Items from a dataset
______
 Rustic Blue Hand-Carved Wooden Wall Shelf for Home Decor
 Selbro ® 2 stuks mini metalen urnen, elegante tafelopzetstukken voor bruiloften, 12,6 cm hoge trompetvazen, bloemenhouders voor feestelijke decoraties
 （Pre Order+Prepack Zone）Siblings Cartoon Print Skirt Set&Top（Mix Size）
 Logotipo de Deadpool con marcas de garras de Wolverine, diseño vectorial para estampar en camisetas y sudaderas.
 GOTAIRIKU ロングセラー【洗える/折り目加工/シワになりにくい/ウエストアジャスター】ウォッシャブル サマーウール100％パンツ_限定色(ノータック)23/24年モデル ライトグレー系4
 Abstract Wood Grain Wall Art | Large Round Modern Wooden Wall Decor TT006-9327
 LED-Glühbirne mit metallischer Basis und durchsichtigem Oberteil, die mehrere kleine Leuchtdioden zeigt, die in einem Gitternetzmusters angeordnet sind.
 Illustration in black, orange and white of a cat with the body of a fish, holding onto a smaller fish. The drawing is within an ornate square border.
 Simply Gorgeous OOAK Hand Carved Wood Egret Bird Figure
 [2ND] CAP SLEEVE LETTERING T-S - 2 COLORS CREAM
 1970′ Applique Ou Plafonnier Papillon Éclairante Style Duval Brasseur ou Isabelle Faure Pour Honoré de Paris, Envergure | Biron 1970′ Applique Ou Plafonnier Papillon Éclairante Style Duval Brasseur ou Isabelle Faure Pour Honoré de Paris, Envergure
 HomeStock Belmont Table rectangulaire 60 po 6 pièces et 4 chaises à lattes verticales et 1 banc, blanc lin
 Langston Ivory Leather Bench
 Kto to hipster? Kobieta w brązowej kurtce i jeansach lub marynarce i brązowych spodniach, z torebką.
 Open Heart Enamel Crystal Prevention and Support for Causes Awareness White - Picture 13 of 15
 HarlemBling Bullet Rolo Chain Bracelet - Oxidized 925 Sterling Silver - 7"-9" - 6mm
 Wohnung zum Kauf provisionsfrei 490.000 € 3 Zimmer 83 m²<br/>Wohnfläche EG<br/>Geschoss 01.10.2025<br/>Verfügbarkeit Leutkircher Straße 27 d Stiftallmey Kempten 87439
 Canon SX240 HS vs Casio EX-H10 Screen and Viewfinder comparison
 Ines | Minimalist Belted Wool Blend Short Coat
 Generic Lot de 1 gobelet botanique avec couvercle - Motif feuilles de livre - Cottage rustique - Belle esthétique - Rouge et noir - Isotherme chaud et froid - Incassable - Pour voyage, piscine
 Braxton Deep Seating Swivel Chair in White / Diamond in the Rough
______
§ **Task directions**: Take the lines above from the one containing "[2ND] CAP SLEEVE" down to the one containing "Ines | Minimalist", and transcribe them exactly, both ends included.

§ **Solution for this task**:
 [2ND] CAP SLEEVE LETTERING T-S - 2 COLORS CREAM
 1970′ Applique Ou Plafonnier Papillon Éclairante Style Duval Brasseur ou Isabelle Faure Pour Honoré de Paris, Envergure | Biron 1970′ Applique Ou Plafonnier Papillon Éclairante Style Duval Brasseur ou Isabelle Faure Pour Honoré de Paris, Envergure
 HomeStock Belmont Table rectangulaire 60 po 6 pièces et 4 chaises à lattes verticales et 1 banc, blanc lin
 Langston Ivory Leather Bench
 Kto to hipster? Kobieta w brązowej kurtce i jeansach lub marynarce i brązowych spodniach, z torebką.
 Open Heart Enamel Crystal Prevention and Support for Causes Awareness White - Picture 13 of 15
 HarlemBling Bullet Rolo Chain Bracelet - Oxidized 925 Sterling Silver - 7"-9" - 6mm
 Wohnung zum Kauf provisionsfrei 490.000 € 3 Zimmer 83 m²<br/>Wohnfläche EG<br/>Geschoss 01.10.2025<br/>Verfügbarkeit Leutkircher Straße 27 d Stiftallmey Kempten 87439
 Canon SX240 HS vs Casio EX-H10 Screen and Viewfinder comparison
 Ines | Minimalist Belted Wool Blend Short Coat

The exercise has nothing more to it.